*INSTRUCTIONS TO FOLLOW:* Word for word, repeat the data that follows. Do not include the pictures.

*** Opening DATA SHOWN ***

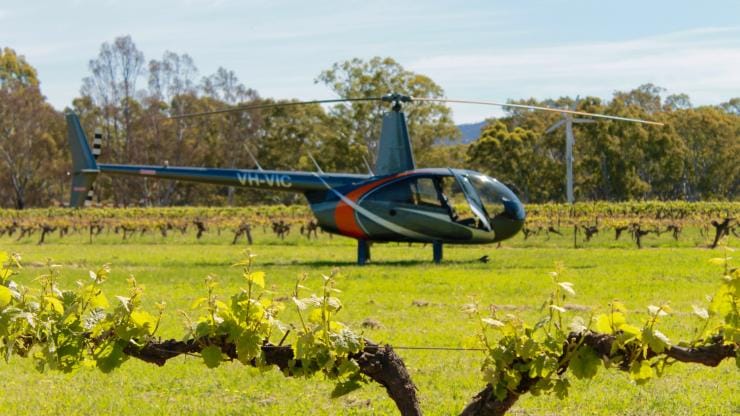 Grampians Helicopter Tours à Best's Wines, Région des Grampians, VIC © Justine Hide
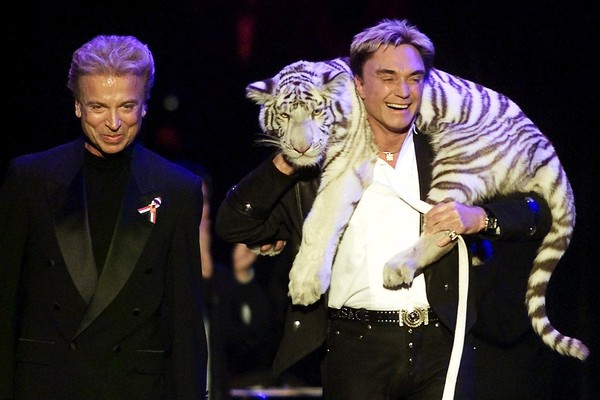 大型ネコ科動物の危険性、最近の事故 | ナショナル ジオグラフィック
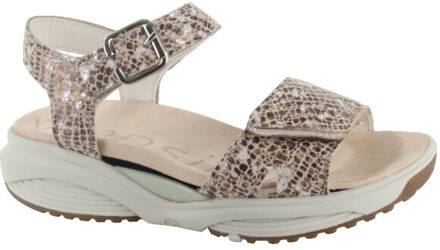 Xsensible 30312.5.428-h dames sandalen sportief Beige - 36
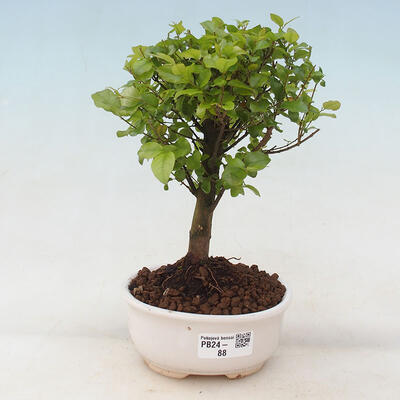 Izbová bonsai - Sagerécia thea - Sagerécia thea - 1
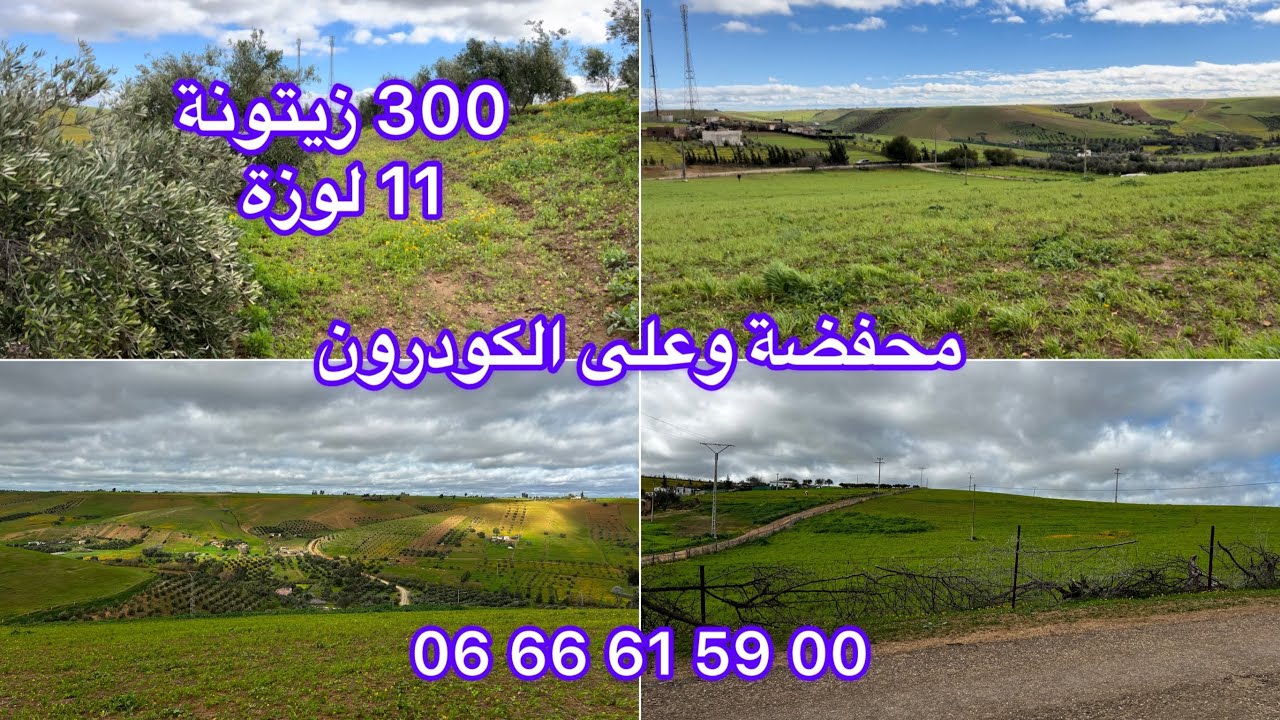 ارض فلاحية محفضة فيها 300 زيتونة و 11 لوزة فيها الضوء والماء قريب ليها 4 قطارات و 4000 متر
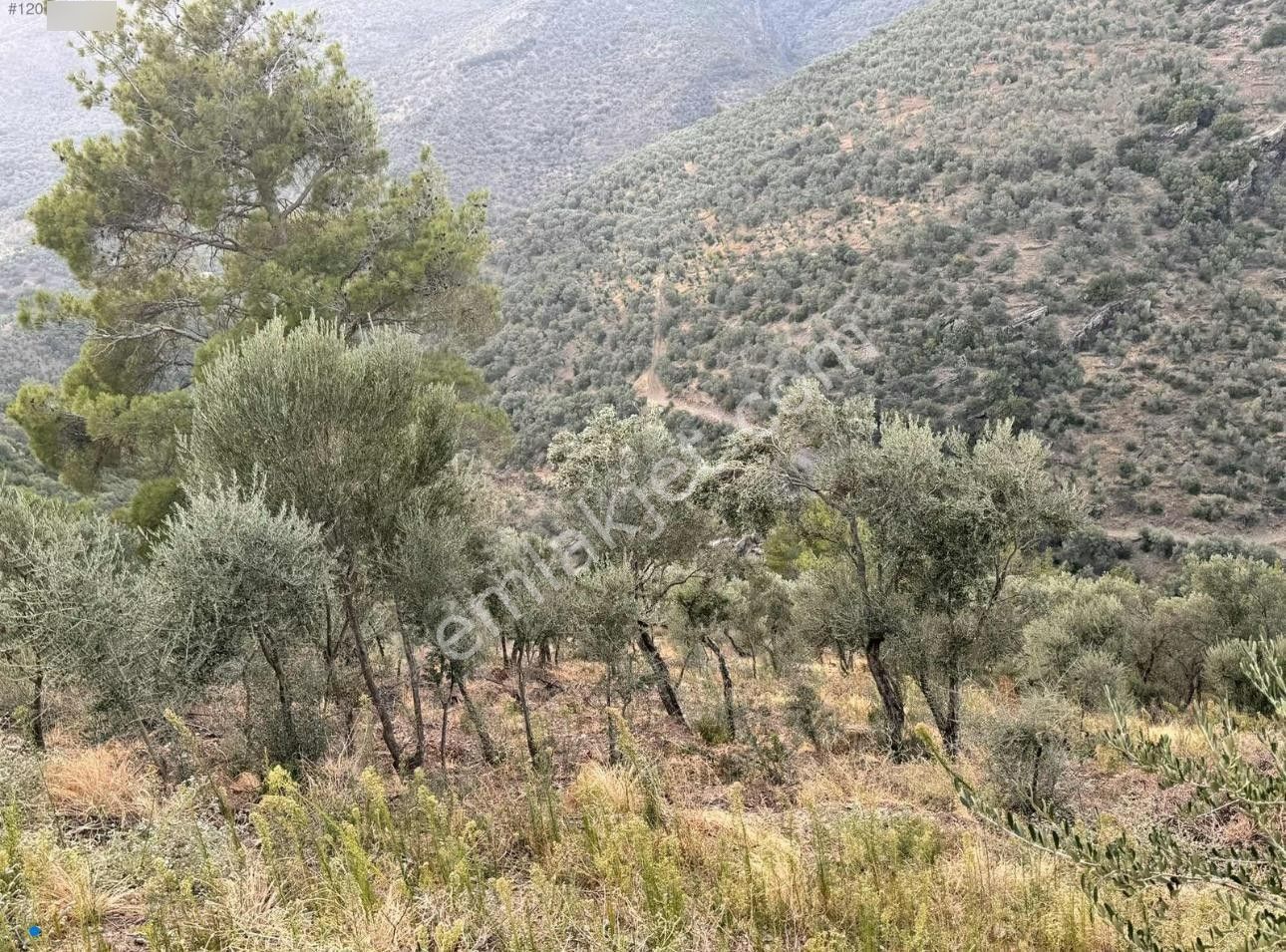 Bayındır / Söğütören'de Satılık 4 Dönüm Müstakil Tapu Zeytinlik - Görsel 13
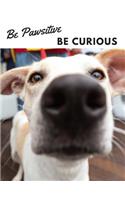 Be Pawsitive Be Curious: Sketchbook with Dog Cover: 100 Pages of 8.5x11 Dot Grid Paper for Journaling, List Making, Sketching, Drawing, or Doodling (Sketchbooks for Dog Love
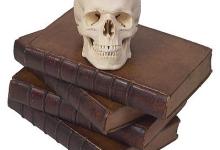 Hunting for Human Origins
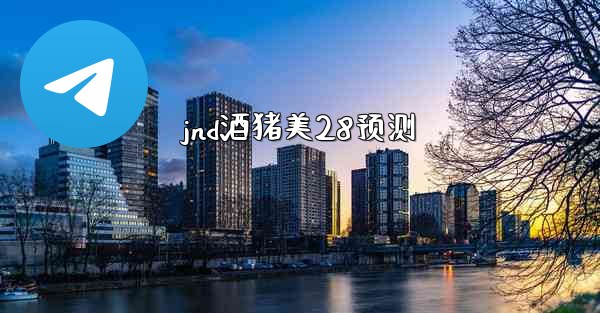 jnd酒猪美28预测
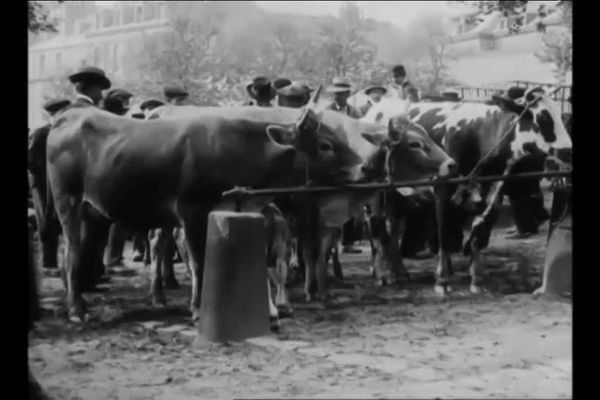 La Limousine, une des vaches les plus prisées pour la qualité de sa viande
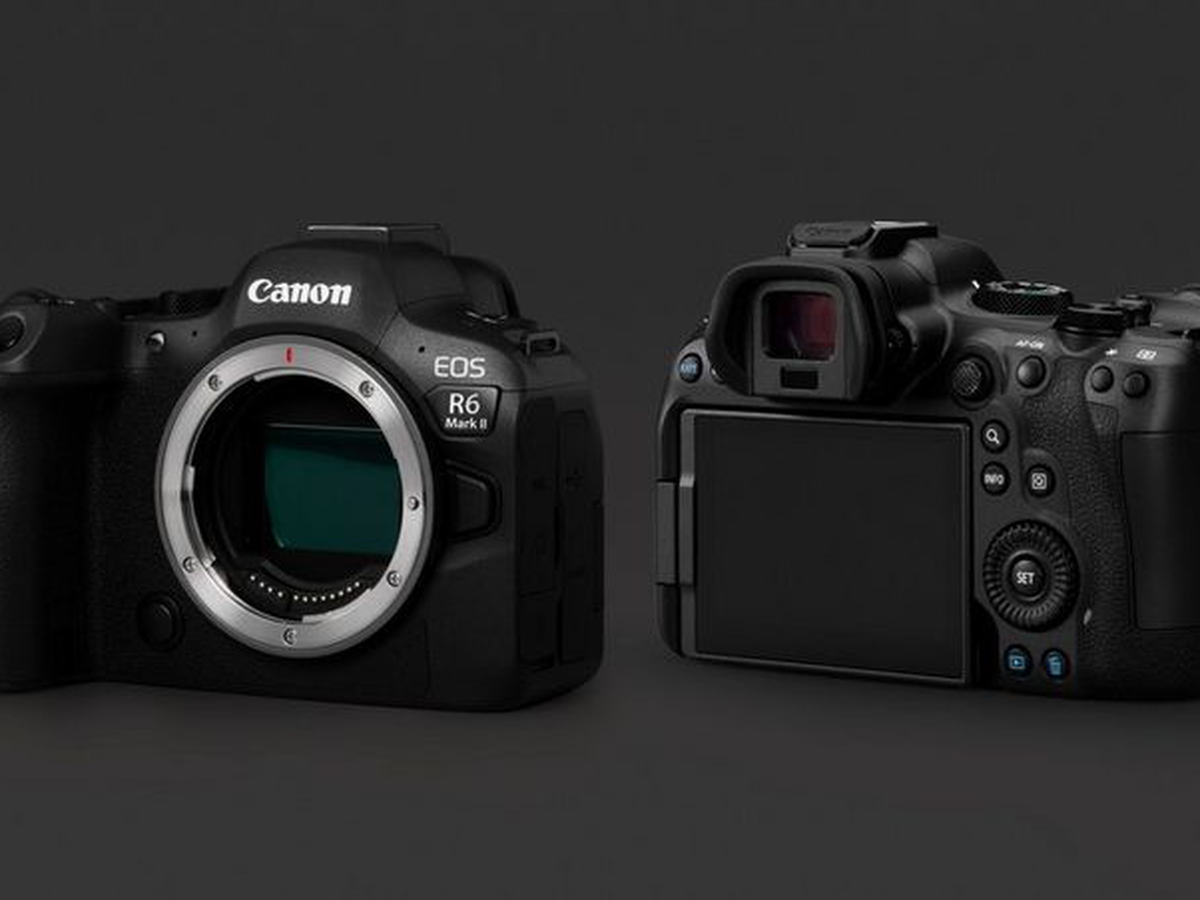 Support MJRS Photography's Dream Camera Fund campaign photo, 1 of 6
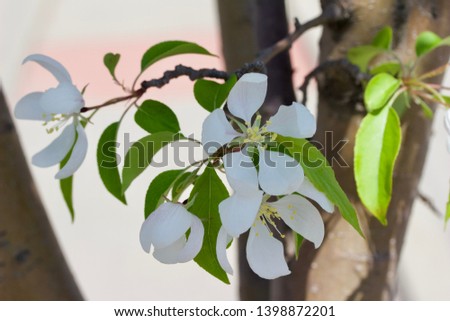Macro view of beautiful creamy white ornamental crabapple tree blossoms in full bloom
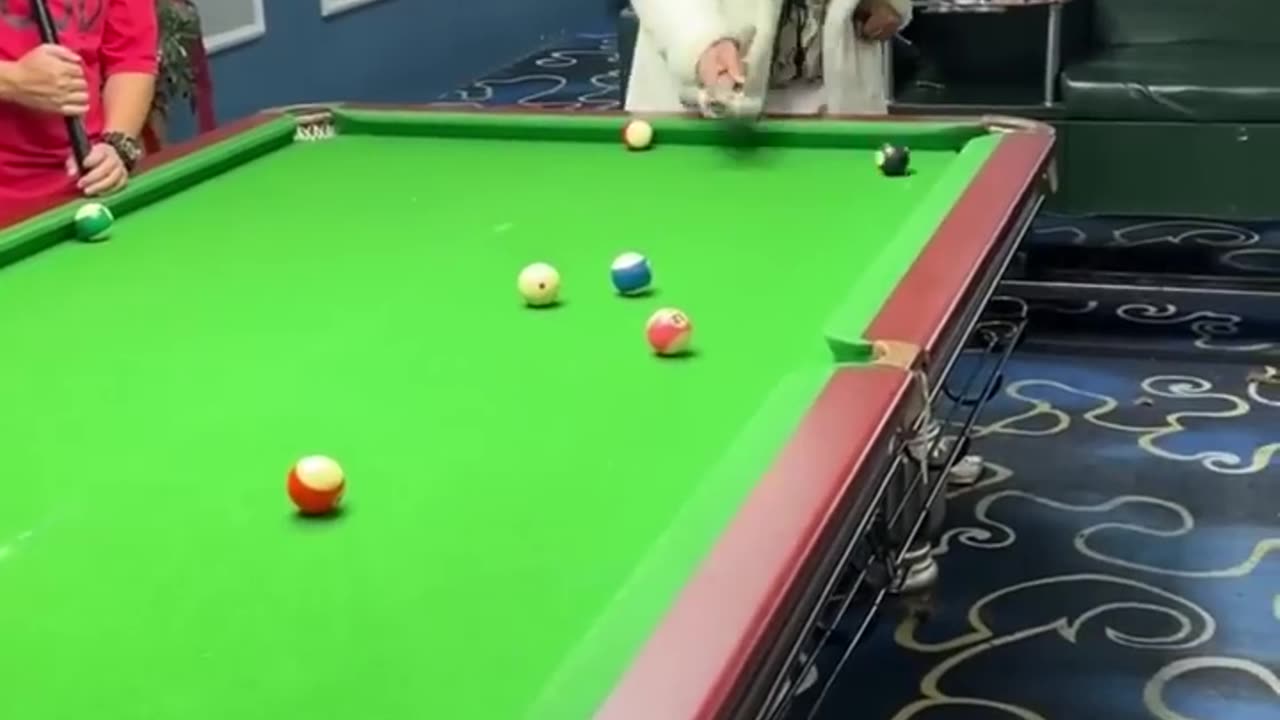 Funny Video Billiards million views | p288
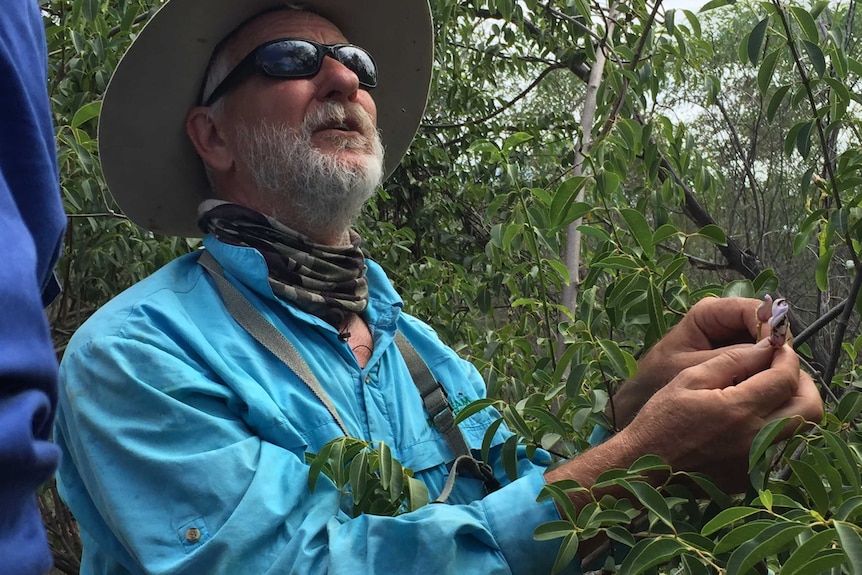 John Szymanski has been tackling the invasive rubber vine plant for eight years.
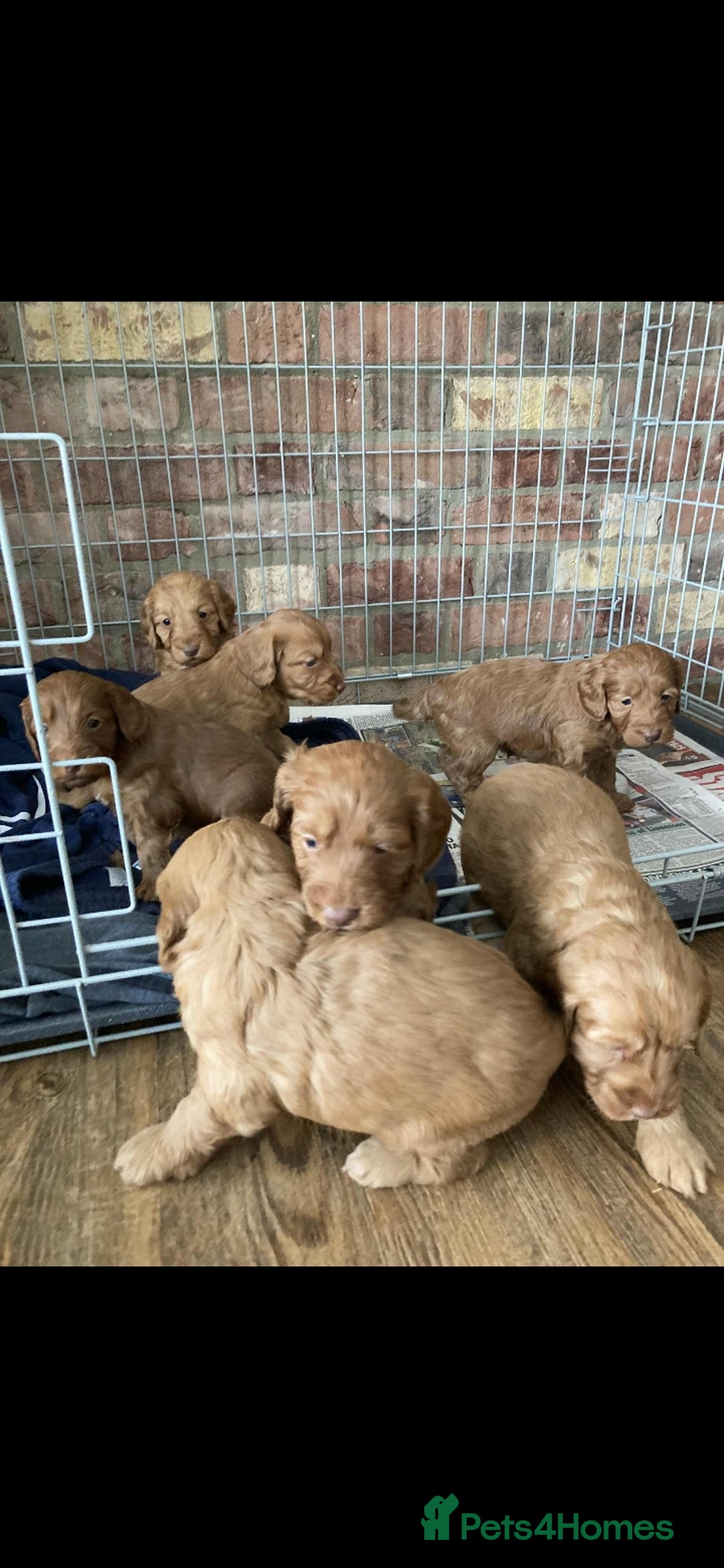 Cockapoo dogs for sale: Cockapoo puppies  - Image 9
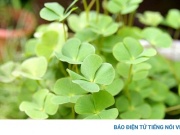 Cây thuốc đa năng, dưỡng thận, bổ tim, mọc dại khắp nơi ít người biết tận dụng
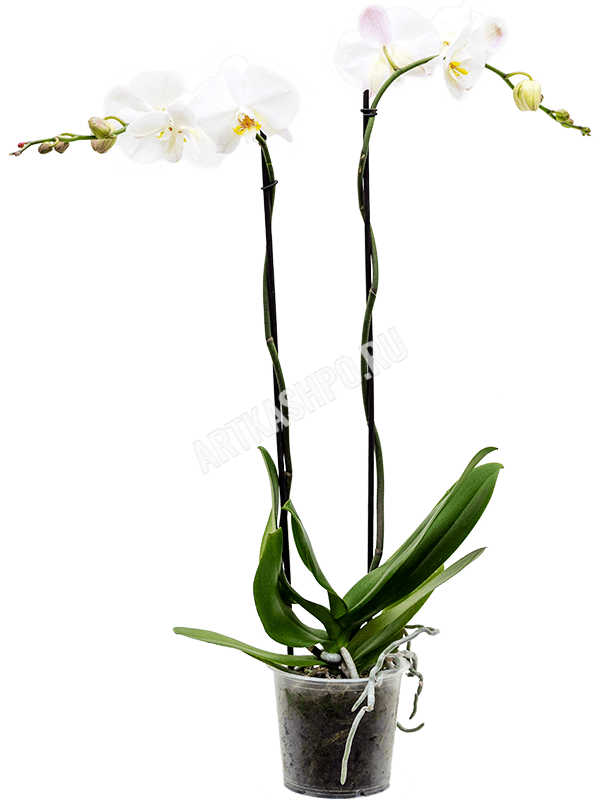 Фаленопсис ‘Царин’ крупноцветковый белый 2 цветоноса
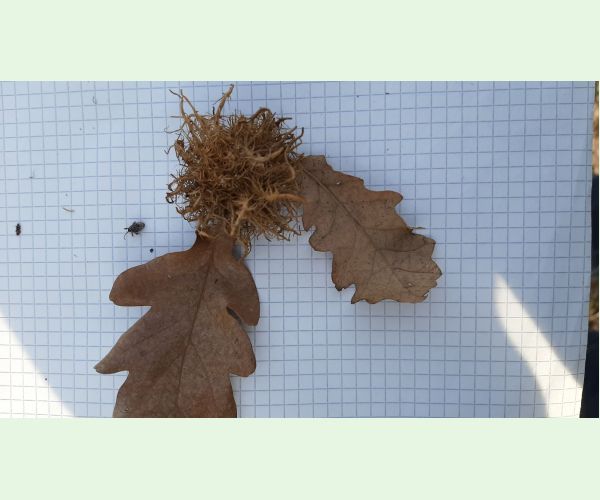 Hrčiarka Andricus caputmedusae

*** Closing DATA SHOWN ***

*RESPONSE AREA:*
 Grampians Helicopter Tours à Best's Wines, Région des Grampians, VIC © Justine Hide
 大型ネコ科動物の危険性、最近の事故 | ナショナル ジオグラフィック
 Xsensible 30312.5.428-h dames sandalen sportief Beige - 36
 Izbová bonsai - Sagerécia thea - Sagerécia thea - 1
 ارض فلاحية محفضة فيها 300 زيتونة و 11 لوزة فيها الضوء والماء قريب ليها 4 قطارات و 4000 متر
 Bayındır / Söğütören'de Satılık 4 Dönüm Müstakil Tapu Zeytinlik - Görsel 13
 Be Pawsitive Be Curious: Sketchbook with Dog Cover: 100 Pages of 8.5x11 Dot Grid Paper for Journaling, List Making, Sketching, Drawing, or Doodling (Sketchbooks for Dog Love
 Hunting for Human Origins
 jnd酒猪美28预测
 La Limousine, une des vaches les plus prisées pour la qualité de sa viande
 Support MJRS Photography's Dream Camera Fund campaign photo, 1 of 6
Macro view of beautiful creamy white ornamental crabapple tree blossoms in full bloom
 Funny Video Billiards million views | p288
 John Szymanski has been tackling the invasive rubber vine plant for eight years.
 Cockapoo dogs for sale: Cockapoo puppies  - Image 9
 Cây thuốc đa năng, dưỡng thận, bổ tim, mọc dại khắp nơi ít người biết tận dụng
 Фаленопсис ‘Царин’ крупноцветковый белый 2 цветоноса
 Hrčiarka Andricus caputmedusae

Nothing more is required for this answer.